African American civil rights icons such as Alice Walker and Angela Davis have made note of the many disturbing parallels between the oppression of blacks in the Jim Crow era and the contemporary systems of institutionalized segregation and oppression of Palestinians under Israeli rule. As UC Berkeley students and as American residents, we are complicit in this discrimination because our school’s money and our country’s tax dollars are being used to support Israel’s discriminatory occupation through investments in companies aiding the abuses against Palestinians and through billions in unconditional federal aid to the Israeli military.
In March, Obama went on a three-day trip to Israel in an effort to boost relations with Israeli Prime Minister Benjamin Netanyahu. Both spoke of the “unbreakable” bond between the United States and Israel and about extending U.S. military aid beyond 2017. The last U.S. military aid deal between the two nations started in 2007, in which Israel secured $30 billion over the decade. Israel already receives about $3 billion in grants annually. This “aid” funds the illegal occupation of Palestinians and enables Israel to build Jewish-only settlements on illegally confiscated Palestinian territory.
In a time when our nation’s domestic education and social programs are suffering from a severe lack of funds, we are giving our tax dollars to an already wealthy state that violates international law and, according to some UN officials, takes part in Apartheid practices.
The answer lies in part in the American Israel Public Affairs Committee, a multimillion dollar special interest lobby that members of Congress and D.C. insiders ranked as the second-most powerful lobby in the country in 1997.
Mondoweiss blog reports that in 2010, an AIPAC official, speaking about UC Berkeley, declared the lobby wants to “make sure that pro-Israel students take over the student government … This is how AIPAC must operate on our nation’s campuses.” This threat followed a 16-4 vote in our student senate supporting divestment from companies aiding Israel’s occupation. That vote was vetoed by then-president Will Smelko following private meetings he had with Israel’s consul general, and a few weeks later, a former AIPAC intern, Noah Stern, became president of our student government amid well-documented allegations of voting on behalf of other people and voting for himself multiple times. Since then, AIPAC has been currying favor with our student government by offering ASUC officials free trips to Washington, D.C. Two of our ASUC presidential candidates, Rafi Lurie and Jason Bellet, have admitted to going to AIPAC conferences in the past, as have several other ASUC executives and senators. This doesn’t mean these students have done anything wrong, but the imprint on our campus government of a powerful off-campus group with a multimillion dollar budget is a cause of concern for many.
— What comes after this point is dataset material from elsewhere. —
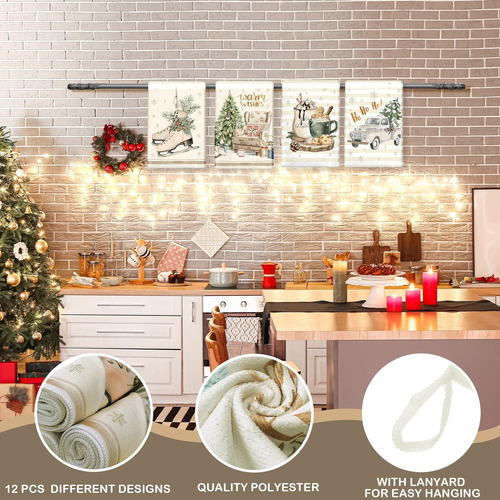 12 Pcs Toallas De Cocina De Navidad Y Pañones De Cocina Abso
With UC Berkeley students at the forefront, the University of California has historically succeeded at leveraging its funds to achieve social justice and progressive change. Just as divestment campaigns were a nonviolent tool that ultimately pressured the end of South Africa’s Apartheid regime (a cousin of our own country’s historic Jim Crow policies), divestment can play a role in ending apartheid policies in Palestine and Israel. A well-known way to resist destructive corporate practices and pressure companies to be held accountable for their actions, divestment has been used recently by UC Berkeley students. In February, the ASUC Senate unanimously approved a bill calling for the university to divest from fossil fuel companies, joining the nationwide environmental campaign to stop climate change.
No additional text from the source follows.